His anxiety began after he was sexually assaulted as a teenager. The more he tried to cope with the anxiety, the more panicked he became.
On a high school trip across the country, Melchert went for more than 24 hours without a restroom stop – an excruciating experience.
“The shame was instilled in me as a kid,” he says. The debilitating panic reinforced it – a cruel cycle.
Like so many others, Melchert kept his condition secret for years. His father died a few years ago without knowing about it.
Melchert and others say they’ve been able to regain control through local workshops put on by the IPA.
The three-day workshop works on a “pee buddy system” and begins with lots and lots of liquid – water, juice, tea.
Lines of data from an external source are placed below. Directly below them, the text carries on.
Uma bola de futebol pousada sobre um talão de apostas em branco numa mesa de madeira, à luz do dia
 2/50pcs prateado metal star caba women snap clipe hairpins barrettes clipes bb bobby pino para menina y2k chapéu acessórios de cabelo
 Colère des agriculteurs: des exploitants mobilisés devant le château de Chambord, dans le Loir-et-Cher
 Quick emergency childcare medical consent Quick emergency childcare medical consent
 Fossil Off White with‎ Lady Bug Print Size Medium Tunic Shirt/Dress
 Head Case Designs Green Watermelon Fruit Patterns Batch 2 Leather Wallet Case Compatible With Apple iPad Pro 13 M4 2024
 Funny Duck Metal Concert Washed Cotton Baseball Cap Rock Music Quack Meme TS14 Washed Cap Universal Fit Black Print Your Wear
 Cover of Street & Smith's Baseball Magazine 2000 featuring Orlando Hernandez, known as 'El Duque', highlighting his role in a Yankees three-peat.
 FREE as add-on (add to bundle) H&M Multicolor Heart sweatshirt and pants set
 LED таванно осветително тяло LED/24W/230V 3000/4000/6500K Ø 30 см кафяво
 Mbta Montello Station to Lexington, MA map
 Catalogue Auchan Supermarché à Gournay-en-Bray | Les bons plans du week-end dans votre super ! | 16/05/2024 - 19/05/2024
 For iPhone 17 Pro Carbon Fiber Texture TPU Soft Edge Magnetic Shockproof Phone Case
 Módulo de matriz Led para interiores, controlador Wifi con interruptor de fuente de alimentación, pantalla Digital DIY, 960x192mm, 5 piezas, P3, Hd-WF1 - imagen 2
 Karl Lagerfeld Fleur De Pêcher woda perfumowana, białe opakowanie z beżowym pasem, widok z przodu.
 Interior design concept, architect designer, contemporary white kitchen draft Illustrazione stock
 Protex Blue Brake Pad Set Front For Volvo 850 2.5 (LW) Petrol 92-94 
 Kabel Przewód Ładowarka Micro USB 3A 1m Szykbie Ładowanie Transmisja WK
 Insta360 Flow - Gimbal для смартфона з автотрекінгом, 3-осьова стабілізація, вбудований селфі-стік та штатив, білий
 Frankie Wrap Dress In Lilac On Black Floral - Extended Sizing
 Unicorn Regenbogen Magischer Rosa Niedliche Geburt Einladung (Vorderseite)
It sends fearful voiders first to hotel restrooms and then to a Detroit Tigers baseball game to ease participants back into the public restrooms. Sometimes, they are challenged to simply walk into a restroom, comb their hair, wash their hands and leave – that, in itself, can be panic enough.
Over time, though, they work through the process together.
“One individual challenged me to tap him on the shoulder and say, ‘Hurry up, buddy,’ ” Melchert says, adding with a laugh: “I don’t think I’ll ever be that good.”
But patience is plentiful and essential, says Soifer, who’s also an associate professor at the University of Maryland’s School of Social Work. The condition is never cured, but rather controlled, he says.
“If you don’t continue to work at it, you … lose the gains you made,” he says.